Ketanji Brown Jackson Slams 8-1 Fast-Track Order

Ketanji Brown Jackson Slams 8-1 Fast-Track Order

Ketanji Brown Jackson broke with her eight colleagues this week after the Supreme Court fast-tracked its order on a Voting Rights Act case and handed it down immediately. In her dissent, the court’s most junior justice said it improperly “dove” into active elections by moving the decision up.

The court had already struck down Louisiana’s map last month by a 6-3 vote, finding it contained an unconstitutional racial gerrymander. It then voted 8-1 to release the ruling immediately instead of waiting roughly a month, a timing shift that let several red states move sooner to try to draw new congressional lines after the court weakened Section 2.

Jackson and the Louisiana map

Jackson wrote, “Not content to have decided the law, it now takes steps to influence its implementation.” Her objection focused not on the substance of the Louisiana ruling, but on the court’s choice to speed its release while elections were still unfolding around it.

That placed her alone against the rest of the court on the timing question. The immediate order did not change the underlying 6-3 ruling against Louisiana’s map, but it did accelerate when states could begin acting on the court’s narrowing of Section 2 of the Voting Rights Act.

Alito joins three justices

Justice Samuel Alito, joined by Justices Clarence Thomas and Neil Gorsuch, answered Jackson in a concurrence that called her claims “groundless and utterly irresponsible.” Their response made the fast-track dispute a public split over how far the court should go when its own ruling will shape upcoming redistricting fights.

The disagreement landed while the Supreme Court is still weighing Trump’s plan to severely limit birthright citizenship. Jackson has repeatedly broken from the court’s conservative majority in cases tied to President Donald Trump’s actions, and the liberal justices have stayed unified on several challenges to his administration.
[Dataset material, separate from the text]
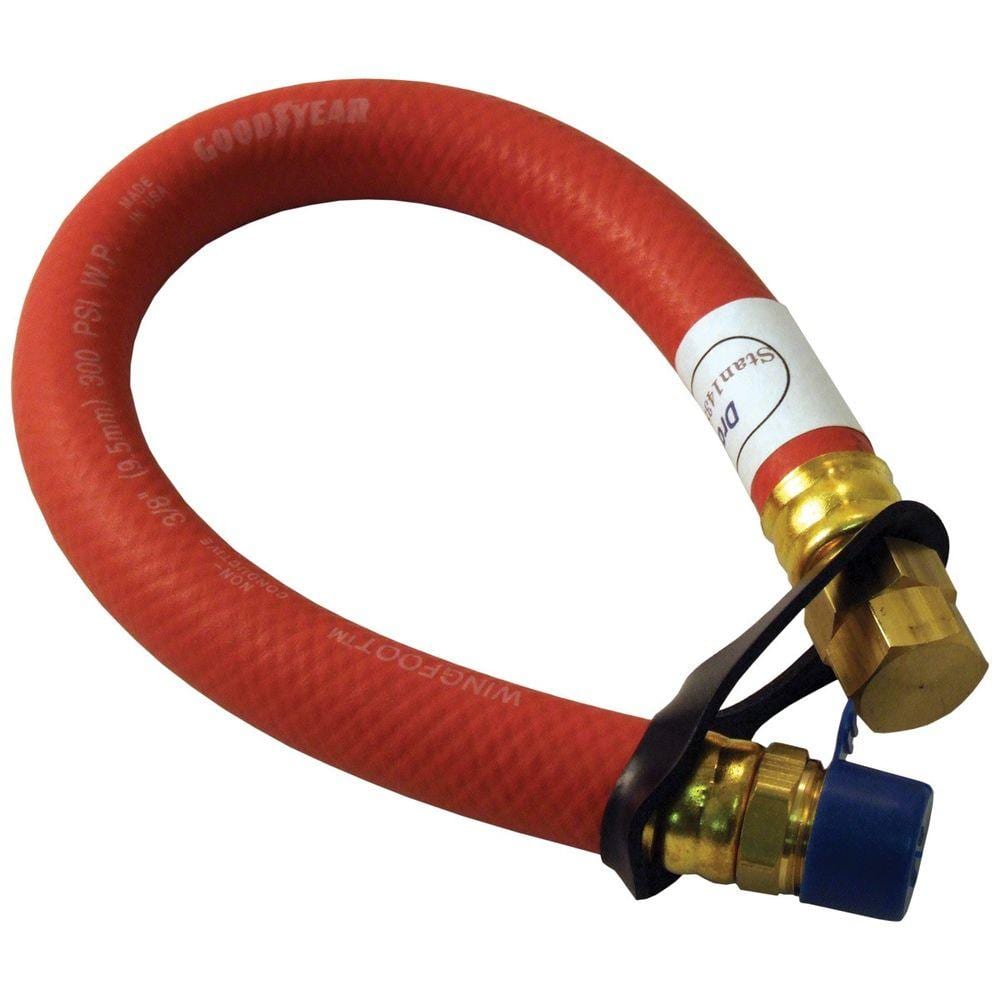 3/8 in. Port Oil Drain Hose/Extractor - Hercitys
Section 2 after the ruling

For states now trying to redraw congressional lines, the immediate issuance mattered as much as the vote itself. Because the order came out sooner than expected, several red states could move more quickly to attempt new maps under a version of Section 2 that gives race a smaller role in congressional redistricting.

That leaves the practical effect in the hands of state mapmakers and litigation over how quickly they can use the new ruling. Jackson’s dissent set the terms of that fight: the court decided the law first, then moved to shape how fast the fallout begins.